Extending RISC-V ISA¶

This section gives you a quick tour to RISC-V ISA format and slots so that the basic sense and implementation of extending the RISC-V ISA are covered.

These external links are involved, refer them for more details:

The RISC-V Instruction Set Manual

risc-v opcode

RISC-V GNU Compiler Toolchain

Instruction Format¶

All the RISCV instructions are 32-bit vectors. Please refer page 130 (# on the upper right of each page, not PDF reader page) of the RISC-V manual for the format of these vectors.

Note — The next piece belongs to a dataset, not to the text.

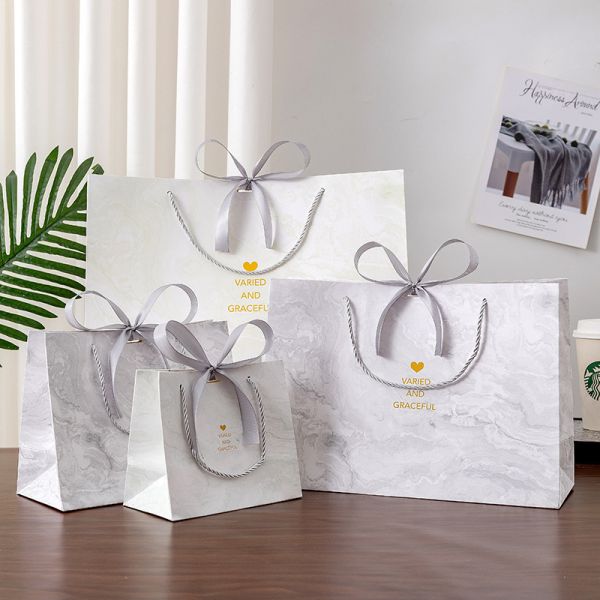 Marble Gift Bags Premium Ribbon Handled Packaging Instagram Aesthetic Luxury Tote Holiday Clothing Presentation Bags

To choose a proper format for your extended instruction, the number of src/dst operands, the type of operands (imm/reg), and the number of bits to be encoded should be considered. R, I, and S are recommended — B is just a complicated version of S, and U and J have no funct3 field, which may occupy the whole line of instruction slots (refer to next section for more detials). Therefore, we have 32 bits in total: 7 bits are occupied by the opcode; 3 bits are occupied for funct3; each register occupies 5 bits ($2^5=32$ ISA registers); immediate operand can either be 7 or 11 bits.

The instruction format are described in the risc-v opcodes repo, and you can open opcodes-rv32i, the most basic module of the RISC-V ISA, for examples. To understand this file, we use addi instruction as an example, and a correspondence to the ADDI row in page 130 can be made. Both the figure and the text description are little endian format.

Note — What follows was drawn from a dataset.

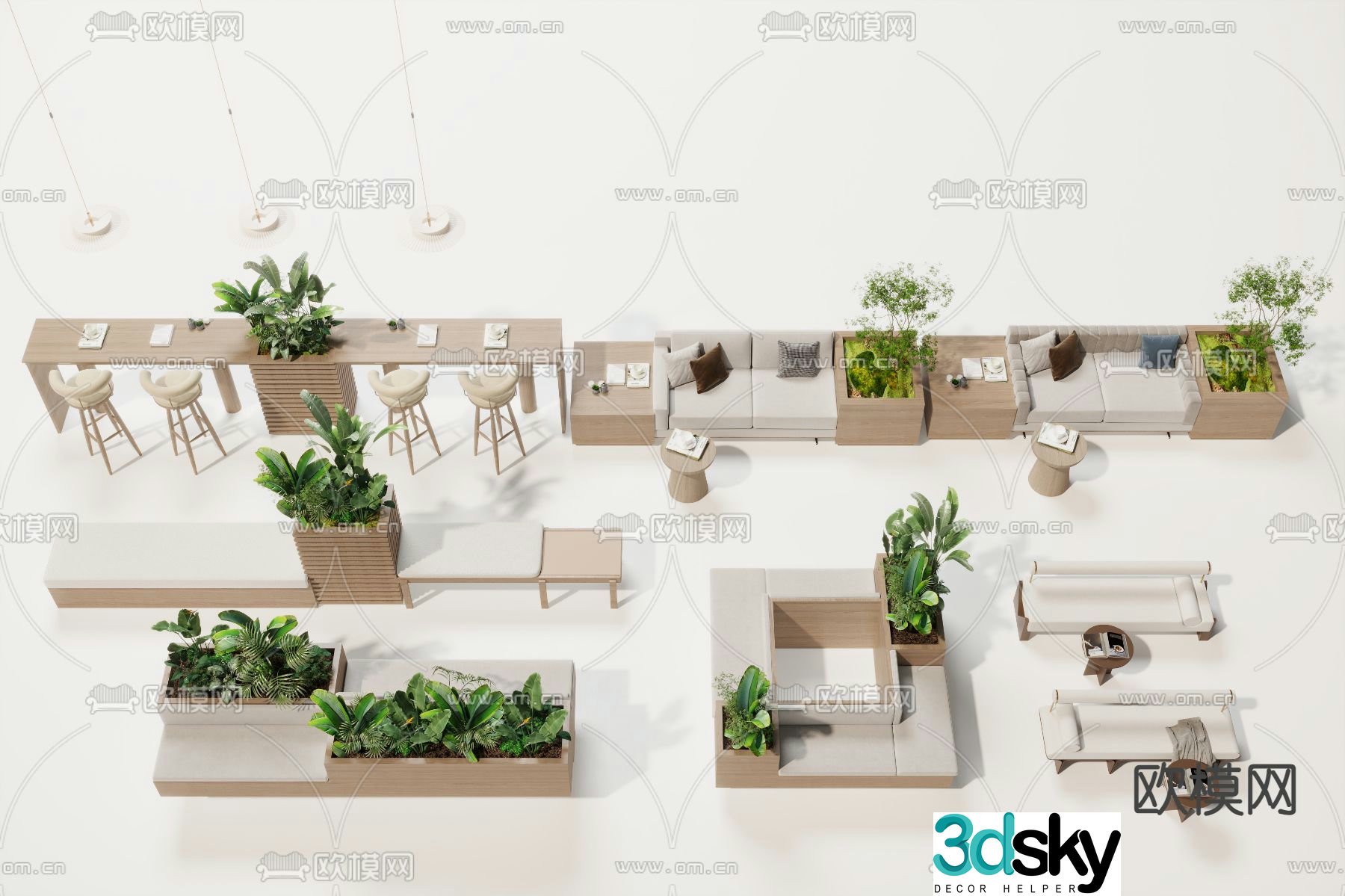 Plant sofa booth 3D model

addi    rd rs1 imm12           14..12=7 6..2=0x04 1..0=3

rd, rs1, and imm12 describe the operands of this instruction; 14..12 describes funct3; 6..2 describes the opcode. According to Table 24.1 on page 129 (no page number on the PDF), the first two bits are always 11.

For more information on the operand tokens appear in this file, refer to this for more details. This Python dict declares the bit range this token occupies. The semantics of each token id can be understood by knowing their bit range, acompanied with the figure of the instruction format.

Constraints¶

To understand the constraints of extending new instructions, we need to know:

where are the available slots for the extended instructions, and

some additional rules/standards/contraints of each slot.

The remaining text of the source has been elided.